Doch nicht nur das Musikprogramm des staatlichen Radios, auch radikale Scheichs wie Al- Qoda haben ihre Zuhörer. „Sind hier Musiker anwesend?“ fragte Wida'at Ali Suleiman letzten November den Pförtner des Khartumer Musikerklubs. Der deutete nichtsahnend auf eine Gruppe von Männern im Innern des Hauses. Ruhig ging Suleiman auf die Gruppe zu, stach den populären Sänger Khawaji Osman nieder und verletzte zwei weitere Sänger, die ihrem Kollegen zu Hilfe kommen wollten. Er kannte seine Opfer nicht. Die bloße Tatsache, daß es sich um Musiker handelte, reichte für ihn aus, sie zu ermorden.

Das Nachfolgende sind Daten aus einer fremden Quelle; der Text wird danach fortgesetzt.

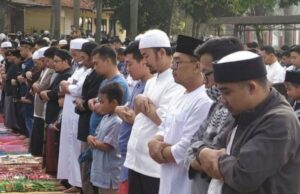 Ignorando as orações de sexta-feira três vezes seguidas Apóstatas do automóvel? Esta é a explicação do MUI Ignorando as orações de sexta-feira três vezes seguidas Apóstatas do automóvel? Esta é a explicação do MUI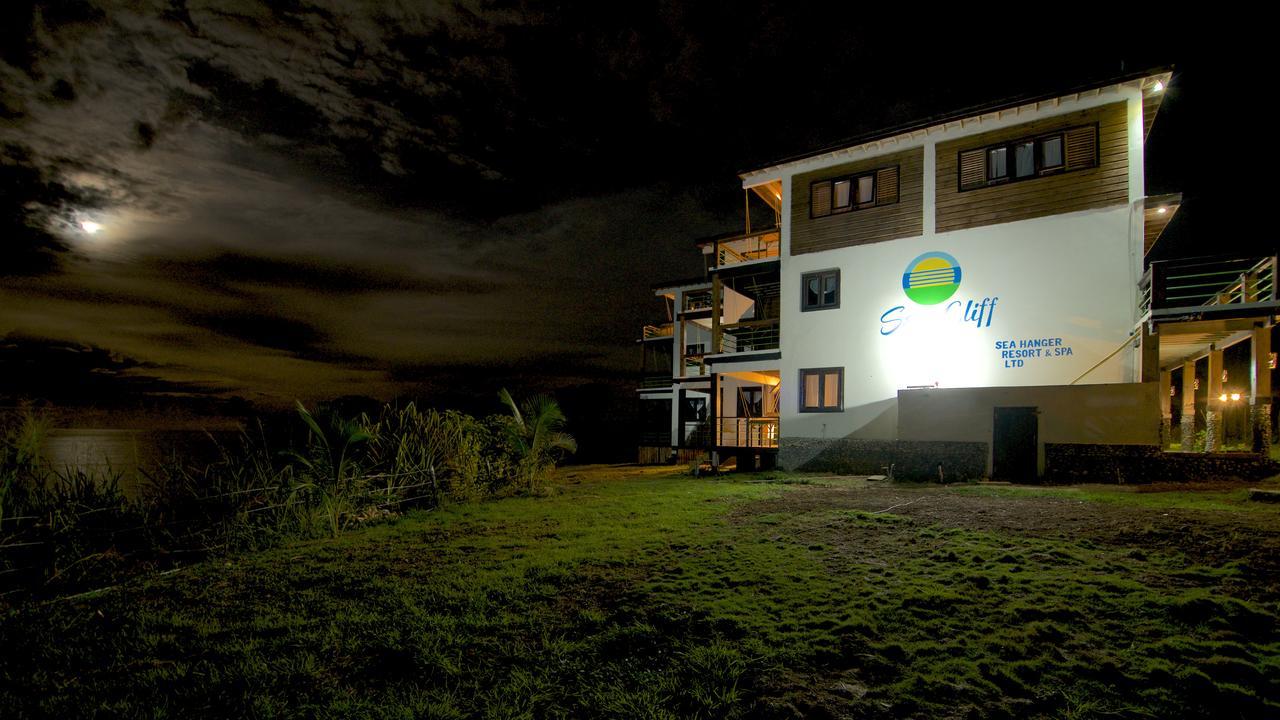 Hotel The Sea Cliff &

Gelegentlich veranstalten die Direktoren der Fernsehprogramme Diskussionsrunden, um den radikalen Scheichs das Wasser abzugraben und einem mehr moderaten islamischen Kunstverständnis Platz zu machen. In diesen Debatten wird für eine aufgeklärtere Islaminterpretation plädiert. Aber auch die hat ihren Preis. So wurde der bekannte Sänger Said Khalifa einmal gebeten, seine Lieder umzuschreiben. Texte wie: „Lieber Winzer, seit der Rashiden- Zeit ist mein Weinglas leergeblieben“, sollten, so der Vorschlag eines Moderators, in einem islamisch konformen Sinne umgedichtet werden. Es gibt aber auch Künstler, die fruchtbare Schlüsse aus der Debatte um die Islamisierung der Kunst und die Neudefinition eines neuen sudanesischen Stils zwischen Afrika und der arabischen Welt ziehen.

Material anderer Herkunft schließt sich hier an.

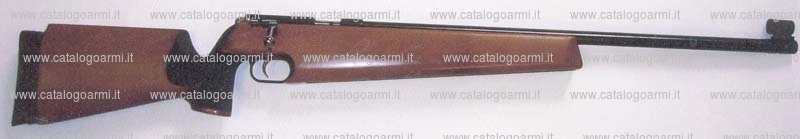 Carabina Anschutz modello Match 64 (16871)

Einer von ihnen ist der Maler Abdel Basit El-Khatim. In seinem Büro in der pädagogischen Fakultät, unweit der Kunstakademie, hat er einige seiner Exponate ausgestellt. Lokal hergestellte Farben auf weichen sudanesischem Holz, ohne Rahmen auf runden afrikanischen Formen, mit menschlichen Figuren und arabischer Kalligraphie, wirken seine Bilder wie das Potpourri der sudanesischen Kulturdebatte.

El-Khatim gehört zu einer Gruppe von Malern und Kunsttöpfern, die sich „Omdurman-Gruppe“ nennt. Der Name ist Programm: Omdurman, die Stadt am westlichen Nilufer, die heute durch eine Brücke mit Khartum verbunden ist, gilt für die Künstler als das Symbol der Einheit, erklärt der Kunstprofessor Al-Abdeen. Die bis heute noch dörflich anmutende Stadt wurde vor hundert Jahren vom Mahdi, dem religiösen und politischen Führer der sudanesischen Aufstandsbewegung gegen die Briten, gegründet. Damals waren die Stämme aus allen Teilen des Landes in Omdurman zusammengekommen, um dort ihre Zelte aufzuschlagen, und das von den Briten besetzte Khartum am jenseitigen Ufer zu belagern und am Ende zu erobern. „Omdurman“, sagt El-Khatim, „ist für mich mehr als eine Stadt. Es ist sichtbar in der Architektur, den Beziehungen der Menschen untereinander und der Landschaft: Dort kann man noch heute die Einheit der verschiedenen Stämme fühlen. Es ist eine starke Seele, die Unterschiede verschmelzen kann.“

Omdurman ist der Versuch, die Brüche in einem Land, das zwischen Afrika und der arabisch-islamischen Welt auseinanderzufallen droht, wieder zusammenzufügen. Es ist die Perspektive, die den Sudan von einem destruktiven zu einem fruchtbaren Ort machen kann. „Wir sehen uns hoffentlich bald wieder in Omdurman“, verabschiedet sich denn auch der Kunstprofessor Al-Abdeen auf dem Weg zum Ausgang der Khartumer Kunstakademie zweideutig.